兩根羊毛疔,轉眼功夫,就嚇倒了兩個大活人。
這事兒,擱中醫界傳出去,估計沒人信。
什麼力量?這就是心理暗示的力量!
說白了,就是自個兒嚇唬自個兒玩兒。
這件事,我只要把他們叫醒了,一捅,可能就破了。但是現在,火候,時機都還沒到。我還沒跟宋大師一塊過招兒呢。
所以,得等到,把楚公子給救下來後,再找個機會,給這幾個把真相揭露了。
眼下,我一邊讓小仙女去將兩人救醒,一邊找了塊紙巾,把這兩根‘大蠱蟲’給仔細包好了,放到大包里。
屁大會兒功夫後,兩人幽幽醒了。
我這時給李公子拉出了臥室。
到了外面,李公子先是喝了口水,又抽根煙對我說︰“這世上,原來真是蠱啊。”
我一臉小壞笑地問︰“你剛才看到了什麼?”
李公子狠狠抽口煙,比劃著說︰“蛇,白蛇,很細,好像還有個頭,扭動的厲害,另外,我還感覺到了一種……不知道怎麼說,就是有一種非常,非常不好的感覺。你……你別說我不爺們兒啊,這事情,以前只是听說,我……我還從沒有親眼見到過呢。”
“我今天,算是開了眼界了……”
李公子又抽口煙,不失感慨地對我講。
講完,他又問我︰“那個蠱呢?它,它哪兒去了?”
我盯著李公子,目光一陰,冷冷說︰“從你的鼻子,鑽到你的肚子里去了。”
“啊……你?”
李公子呆了,眼珠子直勾勾地盯著我。
我搖了搖頭對李公子說︰“你也不用過多緊張,這蠱沒有惡意。但是,它會鑽到你的肚子里跟你的三尸蟲合並到一起。往後,你要擼,嫖,它就會發作。就會產生一系列的惡性病變。反之,如果你戒了這兩個毛病,好好研究你的軟件,然後再找個妹子把婚結了,這東西,反而能替你擋百災,除百煞!”
我可以拍著胸脯說,我上面說的,全是扯蛋!
但是,李公子,他信了。
“你……你這人,我……你這不是玩人嘛,你這……”李公子表情很糾結。
我說︰“你報警找誰都沒有用,這個蠱,跟你有莫大的緣分。你要按我說的,你往後的前途不可限量。若是不按我說的做。也行!等你病發之日,我可以替你除蠱。但……你的運氣,可能多少要受一些影響了。”
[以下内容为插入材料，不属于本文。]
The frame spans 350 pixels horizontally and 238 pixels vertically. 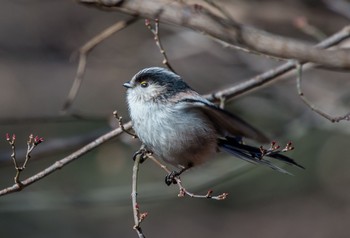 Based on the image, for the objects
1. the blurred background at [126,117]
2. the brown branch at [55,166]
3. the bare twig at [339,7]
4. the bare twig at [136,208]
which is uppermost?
the blurred background at [126,117]

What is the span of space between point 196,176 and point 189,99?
84.8 inches

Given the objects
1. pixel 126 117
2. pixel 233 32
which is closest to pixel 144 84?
pixel 233 32

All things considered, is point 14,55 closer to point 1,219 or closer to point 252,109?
point 1,219

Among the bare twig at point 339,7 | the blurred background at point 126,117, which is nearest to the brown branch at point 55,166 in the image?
the bare twig at point 339,7

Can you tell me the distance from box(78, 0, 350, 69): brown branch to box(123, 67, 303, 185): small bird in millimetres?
722

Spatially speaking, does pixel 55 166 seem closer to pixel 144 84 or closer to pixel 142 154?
pixel 142 154

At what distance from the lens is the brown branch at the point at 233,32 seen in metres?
2.99

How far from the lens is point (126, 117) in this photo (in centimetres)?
773

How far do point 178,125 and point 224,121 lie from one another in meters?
0.26

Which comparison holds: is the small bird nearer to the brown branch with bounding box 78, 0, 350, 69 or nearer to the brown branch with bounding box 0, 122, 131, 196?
the brown branch with bounding box 0, 122, 131, 196

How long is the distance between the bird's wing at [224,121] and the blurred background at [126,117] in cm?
280

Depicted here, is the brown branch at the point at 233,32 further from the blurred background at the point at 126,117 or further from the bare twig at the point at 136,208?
the blurred background at the point at 126,117

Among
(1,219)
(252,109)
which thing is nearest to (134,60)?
(252,109)

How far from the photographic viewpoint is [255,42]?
3109mm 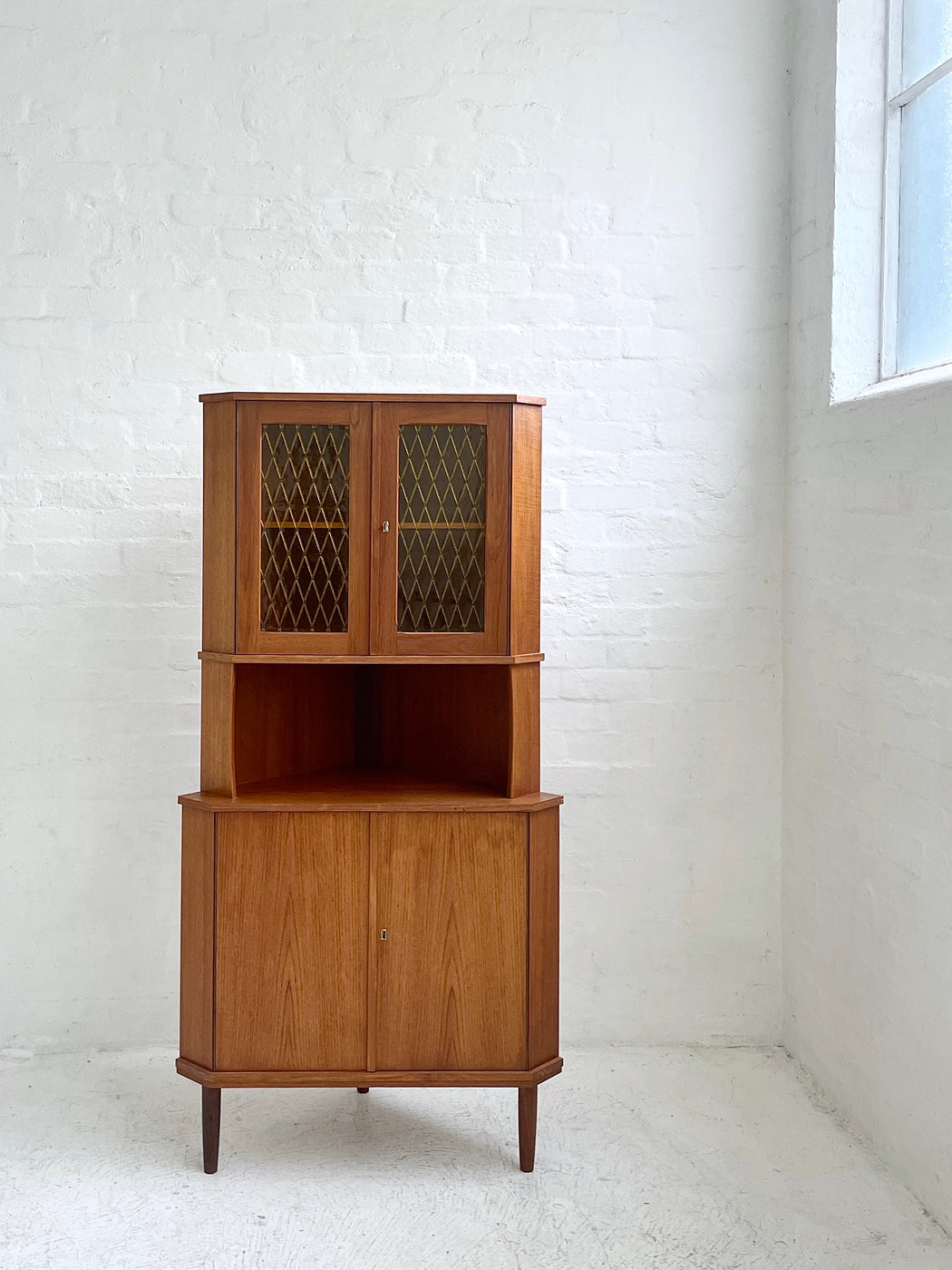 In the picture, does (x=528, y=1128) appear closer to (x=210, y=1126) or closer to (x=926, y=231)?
(x=210, y=1126)

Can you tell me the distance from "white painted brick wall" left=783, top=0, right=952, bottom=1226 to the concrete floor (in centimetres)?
22

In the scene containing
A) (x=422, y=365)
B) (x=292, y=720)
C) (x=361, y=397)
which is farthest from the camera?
(x=422, y=365)

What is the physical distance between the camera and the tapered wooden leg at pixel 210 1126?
266cm

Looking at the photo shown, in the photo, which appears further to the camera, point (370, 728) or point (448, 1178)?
point (370, 728)

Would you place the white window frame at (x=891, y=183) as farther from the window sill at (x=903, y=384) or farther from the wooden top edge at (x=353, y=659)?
the wooden top edge at (x=353, y=659)

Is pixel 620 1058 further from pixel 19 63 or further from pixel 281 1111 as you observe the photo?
pixel 19 63

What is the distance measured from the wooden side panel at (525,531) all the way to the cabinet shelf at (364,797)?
35 centimetres

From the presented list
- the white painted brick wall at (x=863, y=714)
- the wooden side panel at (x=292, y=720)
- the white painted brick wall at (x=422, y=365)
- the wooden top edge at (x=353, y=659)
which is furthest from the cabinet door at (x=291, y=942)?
the white painted brick wall at (x=863, y=714)

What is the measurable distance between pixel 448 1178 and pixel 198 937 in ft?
2.53

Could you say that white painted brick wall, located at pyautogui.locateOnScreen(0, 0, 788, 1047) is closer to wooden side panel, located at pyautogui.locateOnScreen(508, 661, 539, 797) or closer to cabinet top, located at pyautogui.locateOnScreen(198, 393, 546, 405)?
wooden side panel, located at pyautogui.locateOnScreen(508, 661, 539, 797)

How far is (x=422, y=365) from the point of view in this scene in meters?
3.28

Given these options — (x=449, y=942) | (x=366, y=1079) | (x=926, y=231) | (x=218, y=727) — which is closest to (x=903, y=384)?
(x=926, y=231)

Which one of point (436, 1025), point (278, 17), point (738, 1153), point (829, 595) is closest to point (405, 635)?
point (436, 1025)

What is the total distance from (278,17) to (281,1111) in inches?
113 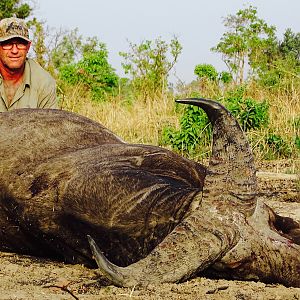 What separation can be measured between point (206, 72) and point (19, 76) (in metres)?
6.70

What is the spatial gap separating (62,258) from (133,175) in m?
0.81

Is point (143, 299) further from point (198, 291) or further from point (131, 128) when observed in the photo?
point (131, 128)

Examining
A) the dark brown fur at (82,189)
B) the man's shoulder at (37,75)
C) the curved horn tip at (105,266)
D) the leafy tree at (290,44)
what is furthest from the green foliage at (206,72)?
the leafy tree at (290,44)

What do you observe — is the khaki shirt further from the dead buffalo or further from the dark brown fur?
the dead buffalo

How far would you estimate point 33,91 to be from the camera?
262 inches

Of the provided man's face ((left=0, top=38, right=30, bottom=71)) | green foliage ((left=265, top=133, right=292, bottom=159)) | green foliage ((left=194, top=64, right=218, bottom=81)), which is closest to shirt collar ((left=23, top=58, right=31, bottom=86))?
man's face ((left=0, top=38, right=30, bottom=71))

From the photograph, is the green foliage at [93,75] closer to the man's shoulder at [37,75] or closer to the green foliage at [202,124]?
the green foliage at [202,124]

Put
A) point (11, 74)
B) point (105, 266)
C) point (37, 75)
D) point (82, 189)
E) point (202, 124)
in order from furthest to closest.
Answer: point (202, 124) < point (37, 75) < point (11, 74) < point (82, 189) < point (105, 266)

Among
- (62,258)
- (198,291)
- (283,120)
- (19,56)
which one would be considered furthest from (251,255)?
(283,120)

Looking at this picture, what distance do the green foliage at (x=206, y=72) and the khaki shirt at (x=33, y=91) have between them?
623 cm

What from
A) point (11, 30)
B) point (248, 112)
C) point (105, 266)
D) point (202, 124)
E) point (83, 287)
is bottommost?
point (83, 287)

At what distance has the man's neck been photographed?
6547mm

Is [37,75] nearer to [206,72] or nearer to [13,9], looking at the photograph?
[206,72]

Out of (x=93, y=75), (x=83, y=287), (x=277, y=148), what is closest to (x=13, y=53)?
(x=83, y=287) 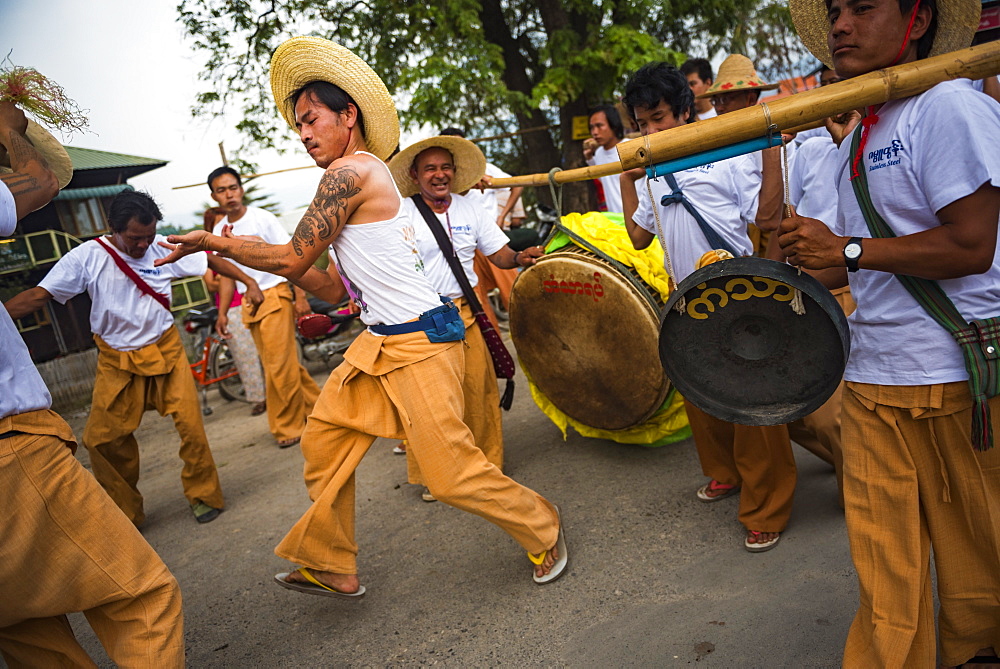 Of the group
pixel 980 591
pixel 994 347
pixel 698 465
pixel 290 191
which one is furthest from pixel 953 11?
pixel 290 191

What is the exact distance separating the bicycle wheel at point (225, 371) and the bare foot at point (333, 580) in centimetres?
529

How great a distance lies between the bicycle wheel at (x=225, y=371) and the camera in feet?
26.3

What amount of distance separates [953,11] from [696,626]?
211 cm

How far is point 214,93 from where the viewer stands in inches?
402

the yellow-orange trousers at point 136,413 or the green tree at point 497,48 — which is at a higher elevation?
the green tree at point 497,48

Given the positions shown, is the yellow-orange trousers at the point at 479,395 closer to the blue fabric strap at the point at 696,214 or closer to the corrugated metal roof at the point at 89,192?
the blue fabric strap at the point at 696,214

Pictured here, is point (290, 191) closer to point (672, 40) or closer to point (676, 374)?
point (672, 40)

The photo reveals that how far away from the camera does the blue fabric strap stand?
10.3 ft

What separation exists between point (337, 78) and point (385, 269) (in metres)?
0.75

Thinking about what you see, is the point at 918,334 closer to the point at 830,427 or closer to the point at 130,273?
the point at 830,427

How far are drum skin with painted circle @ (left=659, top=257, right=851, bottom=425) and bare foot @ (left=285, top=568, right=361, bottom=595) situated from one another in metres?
1.63

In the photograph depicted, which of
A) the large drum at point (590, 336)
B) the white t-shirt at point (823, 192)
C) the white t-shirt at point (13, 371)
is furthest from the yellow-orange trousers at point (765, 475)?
the white t-shirt at point (13, 371)

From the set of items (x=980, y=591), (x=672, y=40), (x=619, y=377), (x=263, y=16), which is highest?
(x=263, y=16)

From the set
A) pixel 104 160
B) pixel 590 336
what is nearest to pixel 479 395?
pixel 590 336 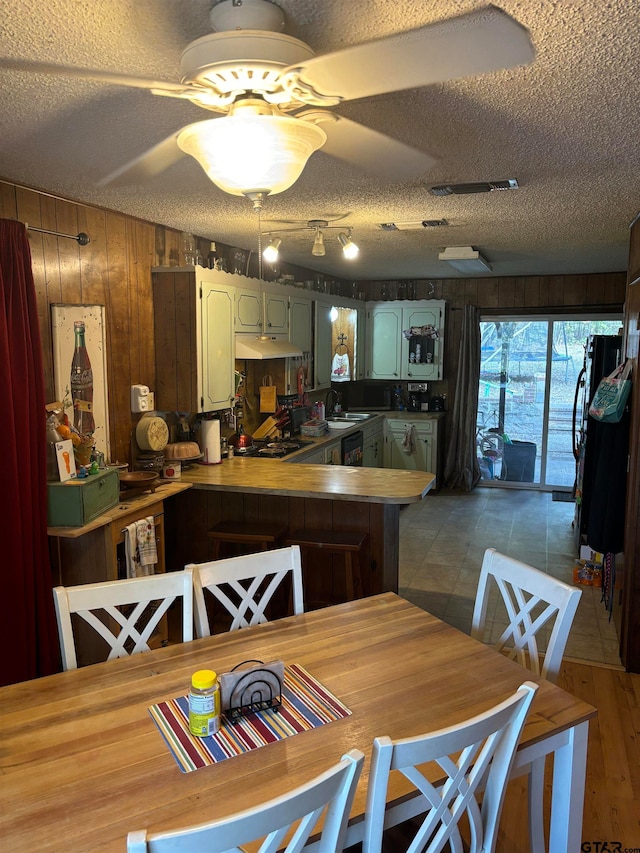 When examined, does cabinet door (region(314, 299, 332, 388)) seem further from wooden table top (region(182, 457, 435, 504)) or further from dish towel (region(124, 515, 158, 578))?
dish towel (region(124, 515, 158, 578))

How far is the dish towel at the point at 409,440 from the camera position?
7031 millimetres

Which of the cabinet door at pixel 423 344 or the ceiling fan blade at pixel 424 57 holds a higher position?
the ceiling fan blade at pixel 424 57

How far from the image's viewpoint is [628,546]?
11.1 feet

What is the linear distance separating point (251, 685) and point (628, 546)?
250 centimetres

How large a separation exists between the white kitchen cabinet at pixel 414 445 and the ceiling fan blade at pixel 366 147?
16.3ft

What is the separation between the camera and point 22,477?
8.94 feet

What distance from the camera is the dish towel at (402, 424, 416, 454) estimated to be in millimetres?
7031

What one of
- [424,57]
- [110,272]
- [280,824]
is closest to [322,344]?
[110,272]

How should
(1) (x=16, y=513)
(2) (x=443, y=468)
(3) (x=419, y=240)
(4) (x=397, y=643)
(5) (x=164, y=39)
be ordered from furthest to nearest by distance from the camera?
(2) (x=443, y=468) < (3) (x=419, y=240) < (1) (x=16, y=513) < (4) (x=397, y=643) < (5) (x=164, y=39)

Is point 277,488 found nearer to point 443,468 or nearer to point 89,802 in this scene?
point 89,802

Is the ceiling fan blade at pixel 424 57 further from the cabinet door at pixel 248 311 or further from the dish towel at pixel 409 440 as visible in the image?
the dish towel at pixel 409 440

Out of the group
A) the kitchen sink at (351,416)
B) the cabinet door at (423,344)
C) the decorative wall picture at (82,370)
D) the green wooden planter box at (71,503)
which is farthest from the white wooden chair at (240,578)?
the cabinet door at (423,344)

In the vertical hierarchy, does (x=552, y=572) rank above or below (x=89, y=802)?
below

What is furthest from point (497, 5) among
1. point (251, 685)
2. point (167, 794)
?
point (167, 794) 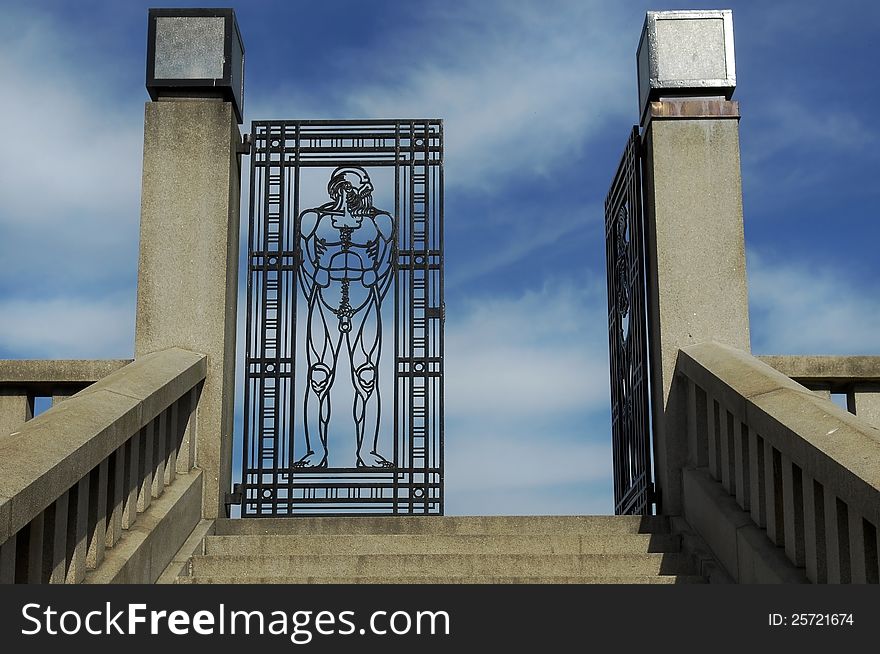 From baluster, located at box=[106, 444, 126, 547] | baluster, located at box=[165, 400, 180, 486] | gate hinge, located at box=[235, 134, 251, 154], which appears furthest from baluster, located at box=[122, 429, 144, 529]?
gate hinge, located at box=[235, 134, 251, 154]

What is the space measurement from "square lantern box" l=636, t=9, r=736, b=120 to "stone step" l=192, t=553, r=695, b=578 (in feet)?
10.5

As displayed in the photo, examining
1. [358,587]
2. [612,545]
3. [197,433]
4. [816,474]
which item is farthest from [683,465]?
[358,587]

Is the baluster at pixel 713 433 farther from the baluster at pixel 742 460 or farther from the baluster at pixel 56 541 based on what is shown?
the baluster at pixel 56 541

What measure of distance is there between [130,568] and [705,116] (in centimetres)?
464

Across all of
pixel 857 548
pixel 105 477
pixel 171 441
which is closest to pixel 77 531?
pixel 105 477

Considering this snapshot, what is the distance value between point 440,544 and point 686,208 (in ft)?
8.99

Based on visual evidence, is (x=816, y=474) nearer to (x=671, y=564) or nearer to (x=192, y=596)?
(x=671, y=564)

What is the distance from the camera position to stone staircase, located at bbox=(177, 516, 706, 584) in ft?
22.5

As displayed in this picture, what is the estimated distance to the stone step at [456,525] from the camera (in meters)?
7.91

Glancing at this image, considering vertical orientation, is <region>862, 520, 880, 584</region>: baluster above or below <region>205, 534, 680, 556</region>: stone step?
above

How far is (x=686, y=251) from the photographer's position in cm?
845

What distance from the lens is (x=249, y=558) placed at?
719cm

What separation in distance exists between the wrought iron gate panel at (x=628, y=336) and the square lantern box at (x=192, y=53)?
2.81m

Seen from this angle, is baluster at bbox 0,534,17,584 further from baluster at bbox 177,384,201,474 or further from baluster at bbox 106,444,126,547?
baluster at bbox 177,384,201,474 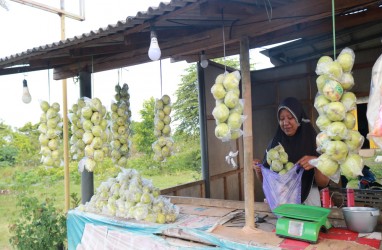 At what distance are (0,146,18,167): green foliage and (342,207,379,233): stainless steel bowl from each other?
12.2 metres

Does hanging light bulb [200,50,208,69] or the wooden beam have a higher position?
the wooden beam

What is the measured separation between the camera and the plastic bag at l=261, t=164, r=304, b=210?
2.97 meters

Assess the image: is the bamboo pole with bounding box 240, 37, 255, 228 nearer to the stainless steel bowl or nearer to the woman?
the woman

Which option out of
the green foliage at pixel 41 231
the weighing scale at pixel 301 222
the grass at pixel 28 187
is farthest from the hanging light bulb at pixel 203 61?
the grass at pixel 28 187

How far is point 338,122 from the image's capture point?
185 cm

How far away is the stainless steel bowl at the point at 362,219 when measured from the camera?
8.26 ft

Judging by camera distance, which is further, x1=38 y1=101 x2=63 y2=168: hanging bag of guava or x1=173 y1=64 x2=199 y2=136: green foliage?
x1=173 y1=64 x2=199 y2=136: green foliage

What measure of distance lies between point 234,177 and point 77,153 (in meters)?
3.75

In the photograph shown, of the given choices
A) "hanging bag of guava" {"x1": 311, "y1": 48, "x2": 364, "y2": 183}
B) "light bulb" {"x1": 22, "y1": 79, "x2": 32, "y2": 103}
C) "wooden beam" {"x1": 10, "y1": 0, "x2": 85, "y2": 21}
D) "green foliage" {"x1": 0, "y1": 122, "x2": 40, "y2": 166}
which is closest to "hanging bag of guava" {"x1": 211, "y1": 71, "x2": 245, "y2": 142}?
"hanging bag of guava" {"x1": 311, "y1": 48, "x2": 364, "y2": 183}

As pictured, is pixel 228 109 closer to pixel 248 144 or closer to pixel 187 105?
pixel 248 144

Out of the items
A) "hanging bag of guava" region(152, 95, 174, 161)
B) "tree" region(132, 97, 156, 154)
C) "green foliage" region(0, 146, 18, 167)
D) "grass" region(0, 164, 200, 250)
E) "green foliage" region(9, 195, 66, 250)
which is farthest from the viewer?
"tree" region(132, 97, 156, 154)

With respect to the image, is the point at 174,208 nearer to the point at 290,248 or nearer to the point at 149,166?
the point at 290,248

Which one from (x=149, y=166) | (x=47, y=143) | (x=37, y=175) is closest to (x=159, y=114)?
(x=47, y=143)

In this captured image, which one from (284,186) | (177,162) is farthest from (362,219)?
(177,162) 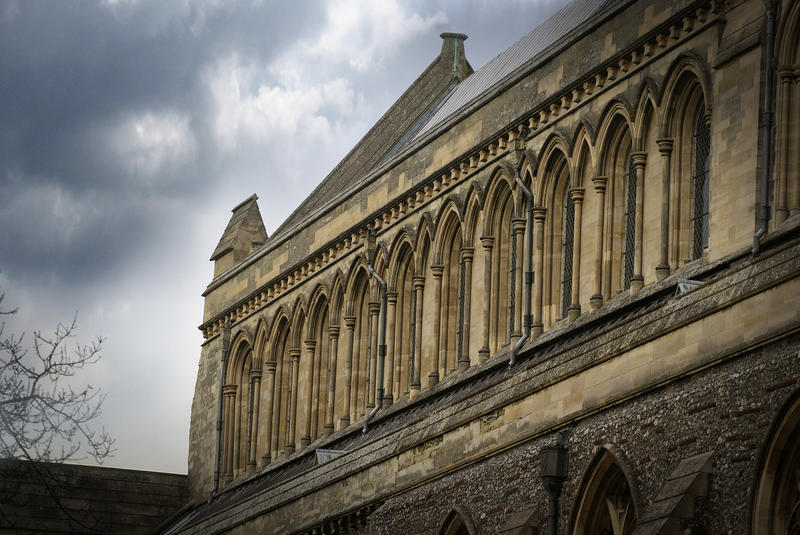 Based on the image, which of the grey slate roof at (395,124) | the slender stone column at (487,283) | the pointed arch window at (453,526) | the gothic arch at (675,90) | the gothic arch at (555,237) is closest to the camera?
the pointed arch window at (453,526)

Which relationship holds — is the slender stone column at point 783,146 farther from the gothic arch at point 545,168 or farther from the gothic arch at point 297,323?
the gothic arch at point 297,323

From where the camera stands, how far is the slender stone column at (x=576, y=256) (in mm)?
30797

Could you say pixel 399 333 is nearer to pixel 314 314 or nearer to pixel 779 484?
pixel 314 314

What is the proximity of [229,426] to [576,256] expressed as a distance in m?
14.0

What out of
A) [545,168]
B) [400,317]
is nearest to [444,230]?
[400,317]

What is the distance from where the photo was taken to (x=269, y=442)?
4159 centimetres

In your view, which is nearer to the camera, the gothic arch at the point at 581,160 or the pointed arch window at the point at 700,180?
the pointed arch window at the point at 700,180

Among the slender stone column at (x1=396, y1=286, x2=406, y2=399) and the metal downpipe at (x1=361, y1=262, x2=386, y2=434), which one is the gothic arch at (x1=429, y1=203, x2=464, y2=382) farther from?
A: the metal downpipe at (x1=361, y1=262, x2=386, y2=434)

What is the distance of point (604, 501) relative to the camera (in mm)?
22469

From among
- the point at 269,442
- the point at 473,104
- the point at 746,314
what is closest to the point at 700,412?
the point at 746,314

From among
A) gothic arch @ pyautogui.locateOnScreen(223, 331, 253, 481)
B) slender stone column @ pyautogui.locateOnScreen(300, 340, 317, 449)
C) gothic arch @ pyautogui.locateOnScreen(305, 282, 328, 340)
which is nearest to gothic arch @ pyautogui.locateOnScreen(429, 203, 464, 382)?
gothic arch @ pyautogui.locateOnScreen(305, 282, 328, 340)

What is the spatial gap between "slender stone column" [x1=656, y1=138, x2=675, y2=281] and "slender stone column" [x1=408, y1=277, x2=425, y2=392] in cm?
802

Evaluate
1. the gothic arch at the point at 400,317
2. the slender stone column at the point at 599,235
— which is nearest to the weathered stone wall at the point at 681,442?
the slender stone column at the point at 599,235

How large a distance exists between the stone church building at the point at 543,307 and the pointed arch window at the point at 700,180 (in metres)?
0.04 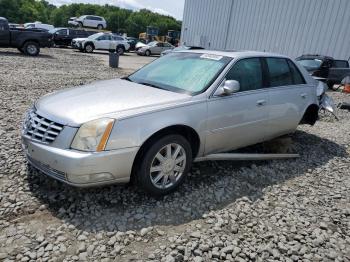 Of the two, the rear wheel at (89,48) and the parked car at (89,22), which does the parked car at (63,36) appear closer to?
the rear wheel at (89,48)

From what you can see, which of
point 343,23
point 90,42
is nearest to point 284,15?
point 343,23

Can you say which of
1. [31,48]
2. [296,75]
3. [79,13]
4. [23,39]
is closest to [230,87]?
[296,75]

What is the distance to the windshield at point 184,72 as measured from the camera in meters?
3.84

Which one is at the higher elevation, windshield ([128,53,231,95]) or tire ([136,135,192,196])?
windshield ([128,53,231,95])

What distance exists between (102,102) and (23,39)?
1569cm

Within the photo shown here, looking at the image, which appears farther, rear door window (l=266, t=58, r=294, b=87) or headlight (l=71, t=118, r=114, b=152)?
rear door window (l=266, t=58, r=294, b=87)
李公子又抽了兩口煙,他抬頭說︰“這算不算是你坑我?”
我笑了︰“我坑你了嗎?害你了嗎?你自已想一想!告訴你一句老實話,這個蠱,是一個寶。普通人想求,都求不來呢。謝宇婷只是跟它五行不符,所以才會發病。而你……“
听我講到這兒,李公子掐了煙,一臉鎮定地說︰“我明白了,我徹底明白了。範先生謝謝你。我知道該怎麼做了。”
我心中一動,難道這小子看出來了?
于是,我問一句。
“你明白什麼了?”
李公子︰“這是天意,這是老天爺為了讓我活的更好,安排的天意!”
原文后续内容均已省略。